The History of Our Business
You don’t find too many people with as strong of a work ethic as Pete Zwart. His parents, Nicholas and Elsie, were immigrants from The Netherlands. After arriving in America, Nicholas was offered a job at his uncle’s dairy farm in Westtown.
They worked on several other farms in Chester, Washingtonville, Unionville, and Pine Bush until they purchased a Bullville farm in 1936. Pete, the oldest of three children, was six years old, and there was always plenty of work to be done.
After graduating from the Pine Bush High School, Pete remained on the family farm for a few more years. He married his wife Marilyn in 1950 and then got a job on the assembly line at a sewing machine factory in Middletown.

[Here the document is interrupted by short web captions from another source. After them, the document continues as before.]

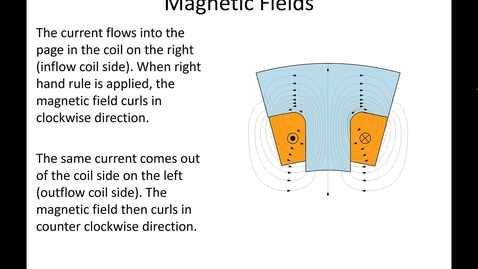 Thumbnail for 40_Switched Reluctance Motor Drives_1_Part3
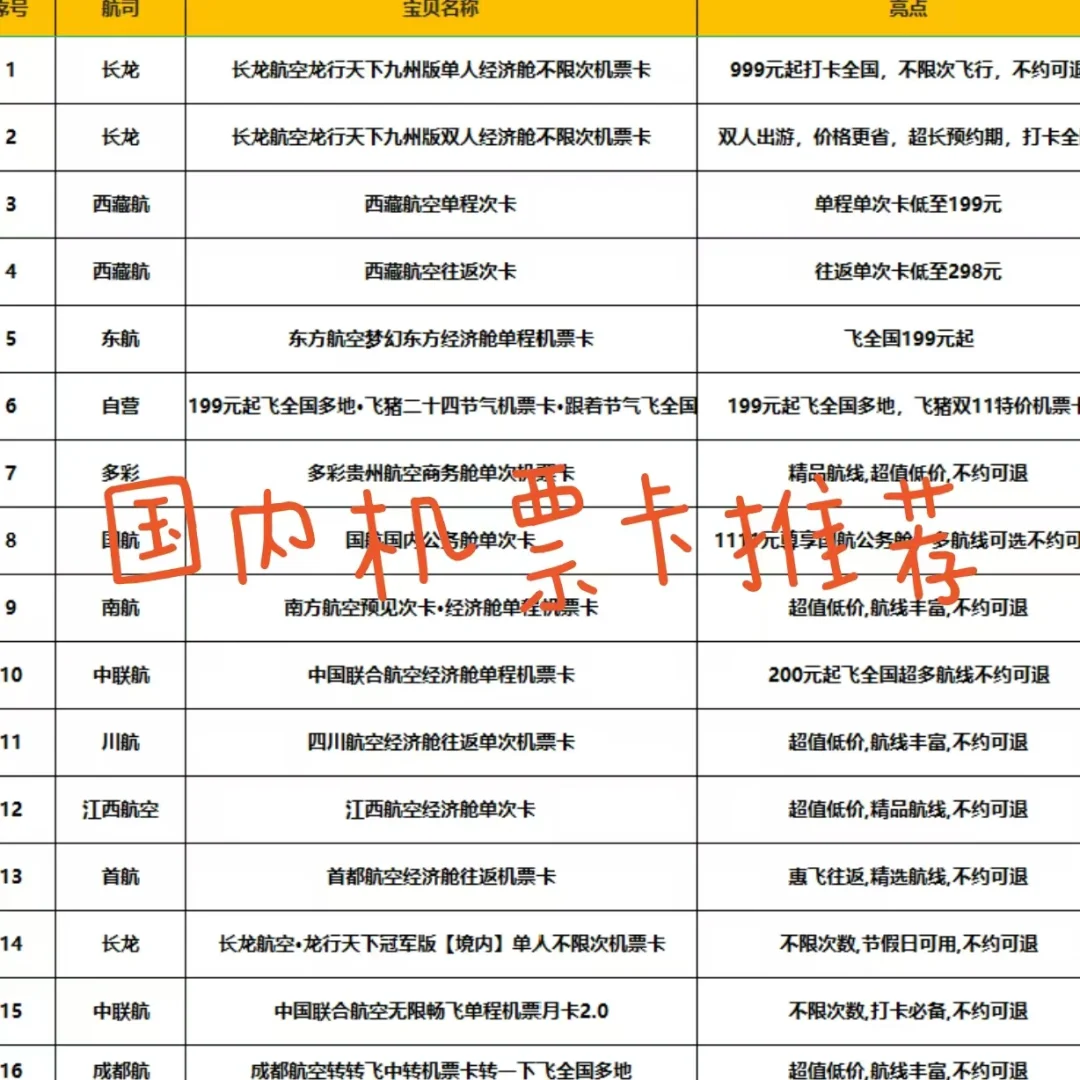 双11倒计时4天，这些机票次卡千万别错过！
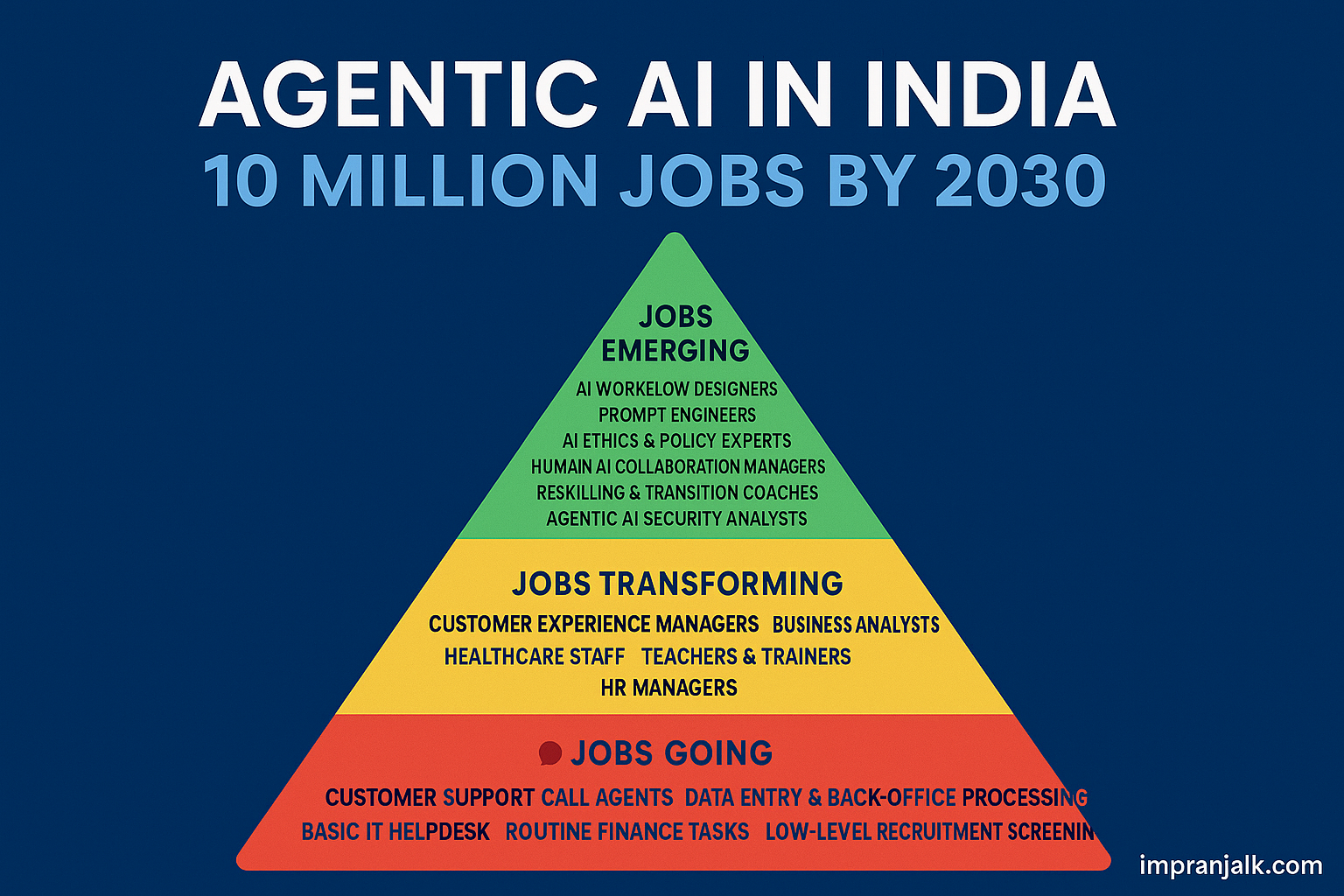 Agentic AI in India: 10 Million Jobs Will Transform by 2030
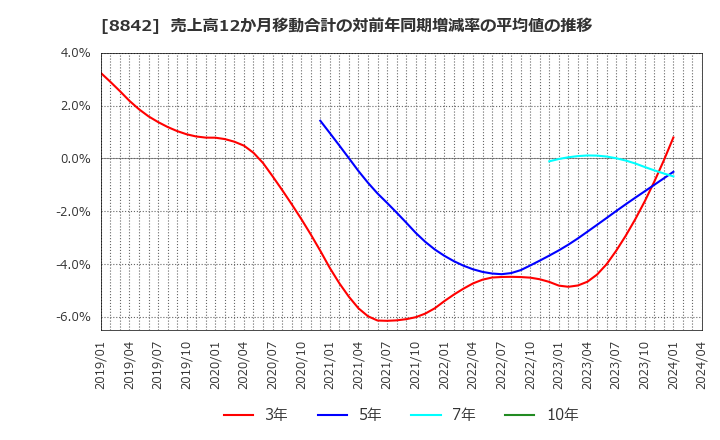 8842 (株)東京楽天地: 売上高12か月移動合計の対前年同期増減率の平均値の推移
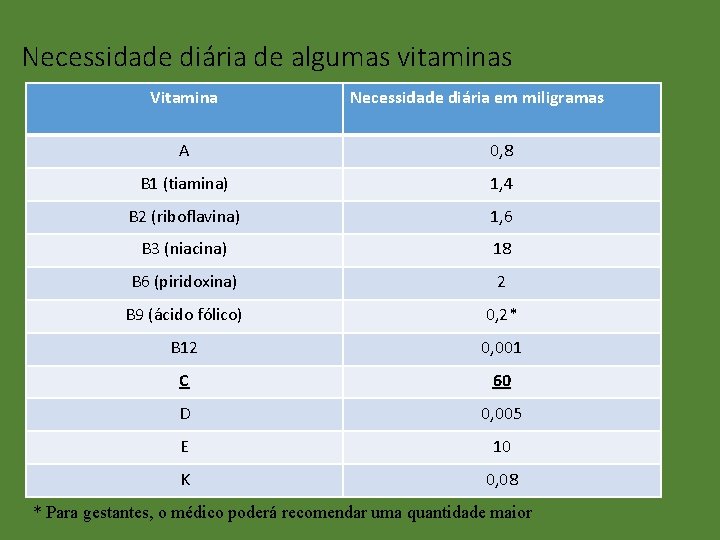 Necessidade diária de algumas vitaminas Vitamina Necessidade diária em miligramas A 0, 8 B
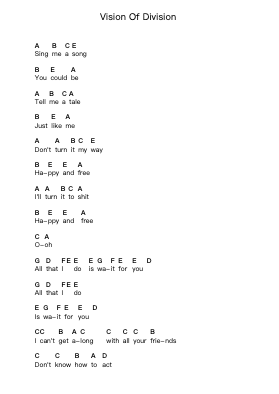 Vision Of Division Notes de lettres de piano par The Strokes - Arr.Billel Samry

When the factory closed, Pete found work at Johnson’s Farm Equipment in Gardiner, followed by a job at Park’s Auto Sales in Walden. After a short time, his boss came up to him and said, “I have got a job for you”.
The job was at Mechanic’s Overall Service in Kingston.
After five and a half years, Pete had built up a sizable route for the company. He also acquired many local side jobs which he would take to Case Laundry in Newburgh. Mechanic’s Overall Service wanted the work, but Pete declined. He left the company in 1962 with a one-year agreement to not solicit the company’s customers.
In the garage behind his house, Pete started his own business under the name Montgomery Overall Service Inc.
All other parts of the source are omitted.